The themes and concerns of “Epitaph” are very much of their time, but it’s neither the band’s nor music’s fault that lamenting our lust for war, our pillaging of the environment, and zero-sum game of our personal and political relations are as relevant now as it was 50 years ago. Greg Lake, the ideal voice for Peter Sinfield’s poetry, arguably never sounded this authoritative (and vulnerable) again. Michael Giles’s drumming is at once muscular and restrained, and Ian McDonald’s foreboding Mellotron is suitably ominous (it’s safe to say bands like Genesis were taking careful notes).

“Moonchild” begins as a gorgeous ballad (again, that Mellotron!), and then drops off into an abyss of beautiful tension (the tension is, impossibly, almost peaceful). Elements of free jazz, classical, and improvisation abound, setting a template for future work, with passages (particularly Fripp’s lucid guitar lines and McDonald’s gentle Vibraphone strokes) that are downright pastoral, yet there’s a ceaseless tension and hint of menace, as though something dangerous lurks just around the bend.

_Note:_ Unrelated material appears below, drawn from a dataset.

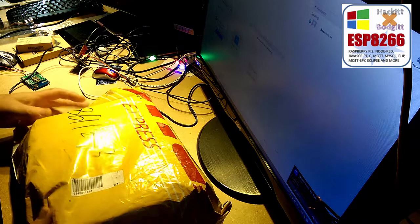Hi there. This is a new parcel that's just arrived from China. I'm quite excited about this. Let's have a look inside.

The title track is unsettling, ceaselessly astonishing: at once the introduction and apotheosis of what progressive rock became. It has all the important elements: impeccable musicianship from all players, rhythmic complexity, socially-conscious lyrics and an outsider’s perspective that is neither disaffected nor nihilistic. It speaks from the underground, but it is grounded in history and looking forward, not back. “The Court of the Crimson King” is, at times, the soundtrack to an Edgar Allan Poe story and a Hieronymus Bosch painting personified: it came out of the era and the minds in which it was imagined, a dark, sensitive and psychedelic space. This song is, possibly, the first time the Mellotron was utilized with such extraordinary results. Before this — and after — it was primarily used for sonic color and texture; on this song it is, improbably, the lead sound around which the drums, guitar and bass circle. Greg Lake, who would sing splendidly for most of the next decade, never sounded as urgent, and none of the subsequent Crimson line-ups — magnificent as they all were in their way — could conjure up such an uncanny and indescribable vibe. This work is almost unapproachable but not aloof; it is entertaining and unnerving, but its capacity to delight and astound remains inexhaustible.